*Task statement*
Print every line below exactly as written, but leave the pictures behind.

*Entries shown*
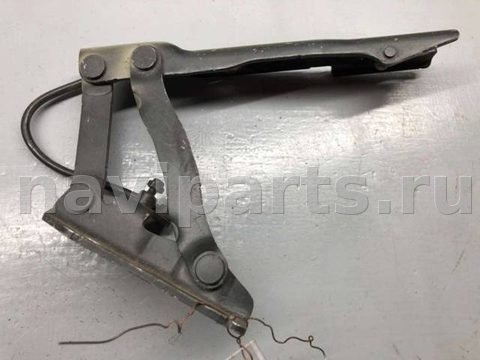Петля капота правая BMW 5 E60/E61, 2005 г., OEM 41617008728, арт. B64095533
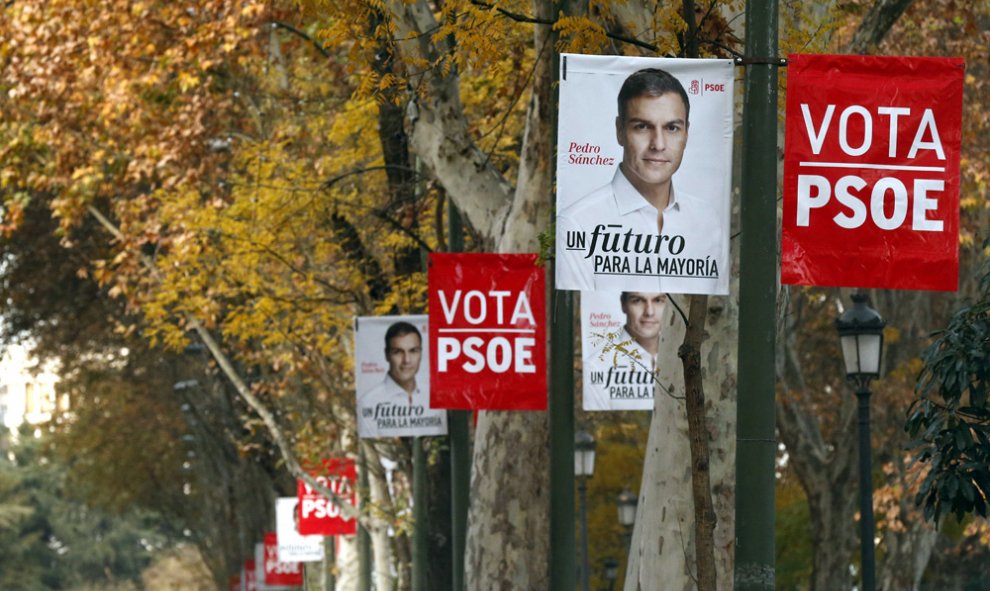 España Empapelada Por La Propaganda Electoral Público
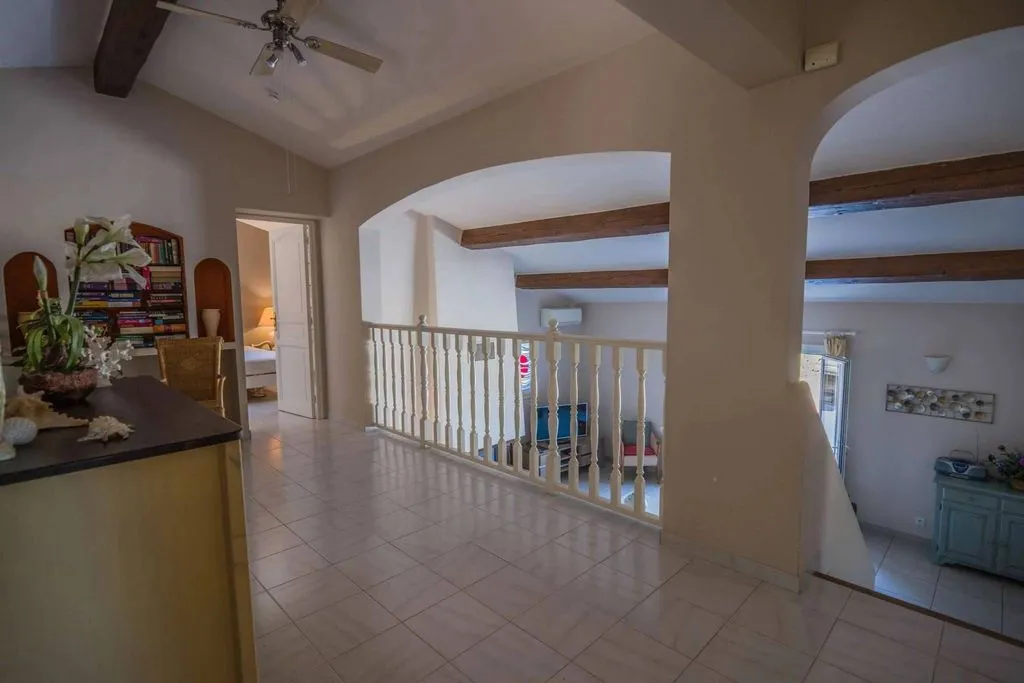Esik - Luxury Villa with Pool in Sainte-Maxime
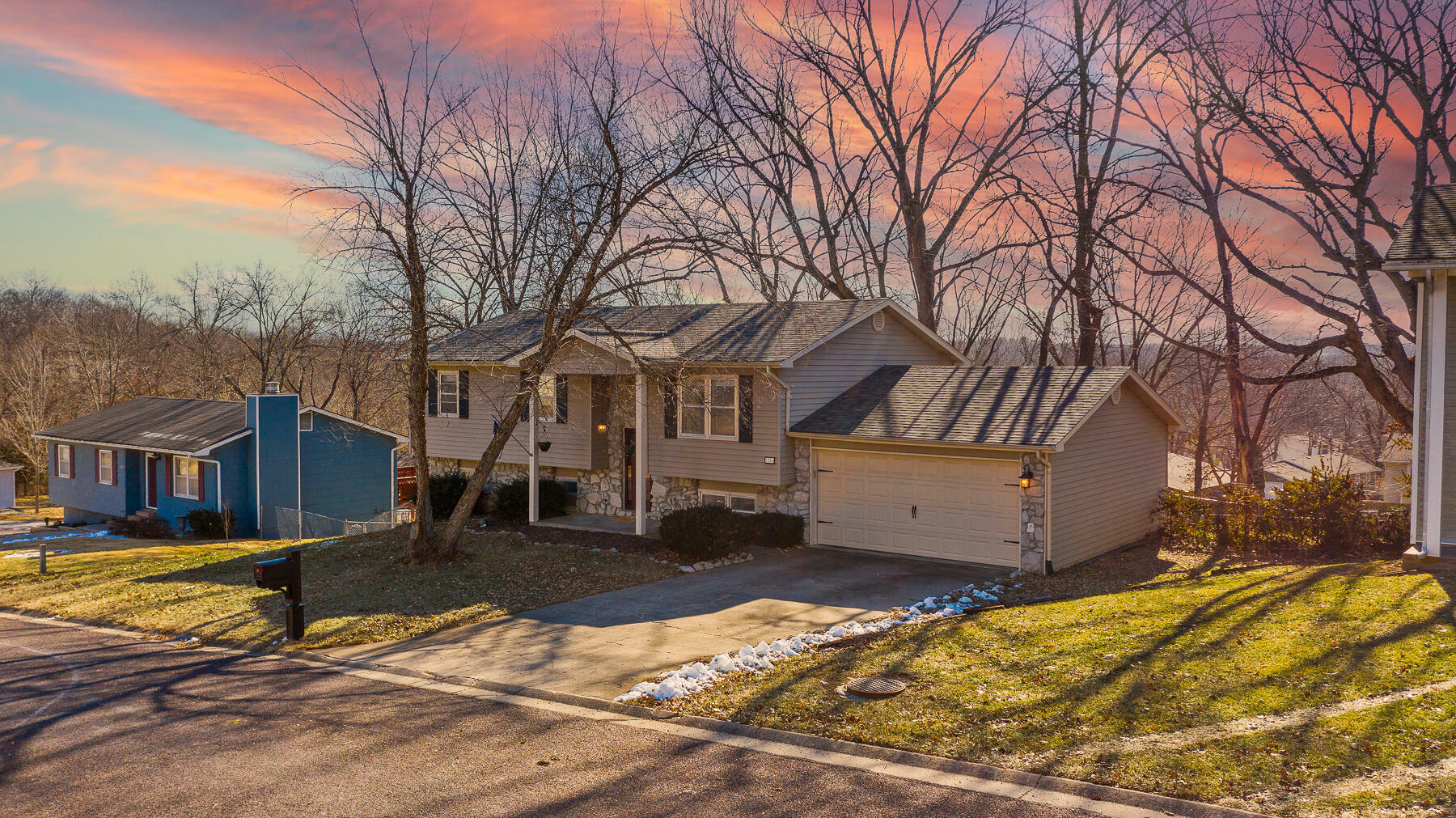 Property Photo:  1750 Crockett Dr  MO 65203 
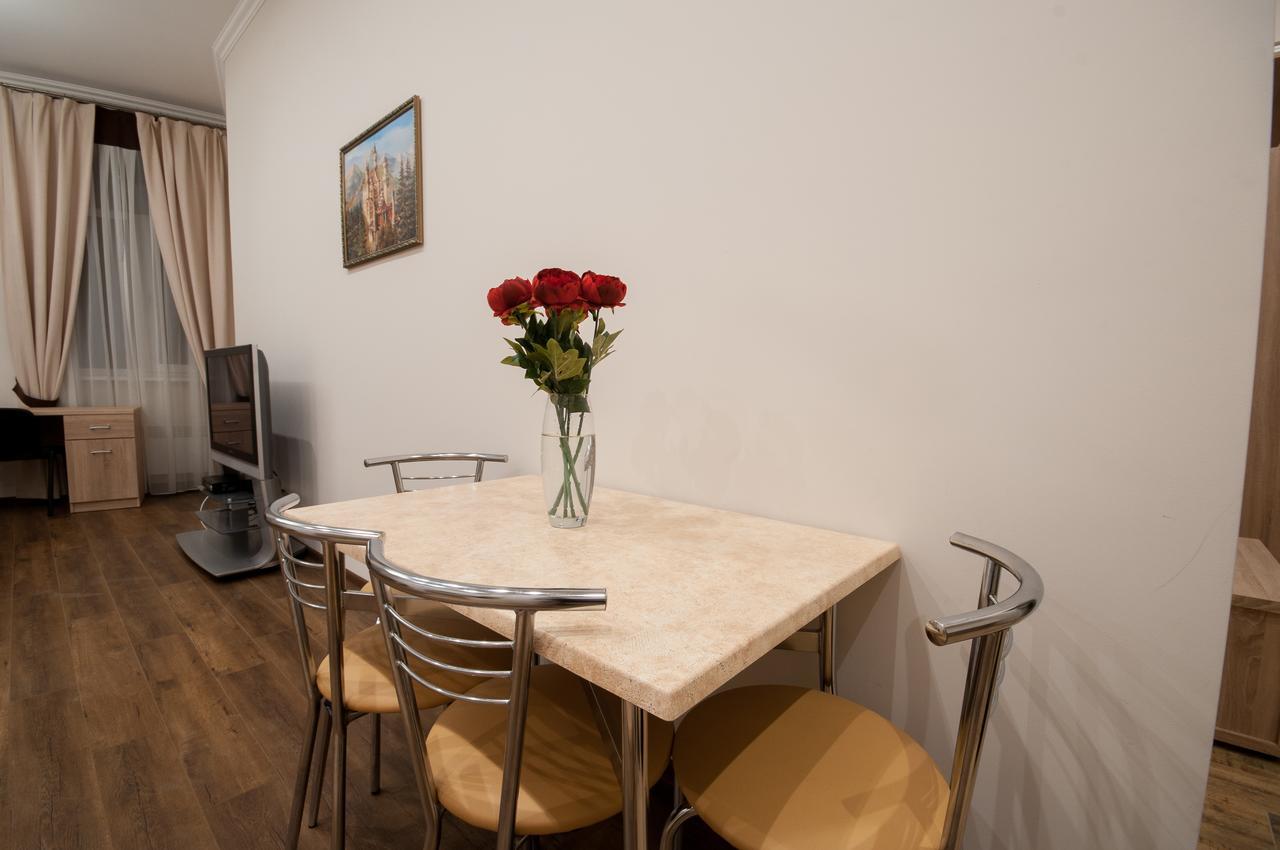 Wonderful Flat On City Center Uzjhorod Eksteriør bilde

*Response to the exercise*
Петля капота правая BMW 5 E60/E61, 2005 г., OEM 41617008728, арт. B64095533
 España Empapelada Por La Propaganda Electoral Público
Esik - Luxury Villa with Pool in Sainte-Maxime
 Property Photo:  1750 Crockett Dr  MO 65203 
 Wonderful Flat On City Center Uzjhorod Eksteriør bilde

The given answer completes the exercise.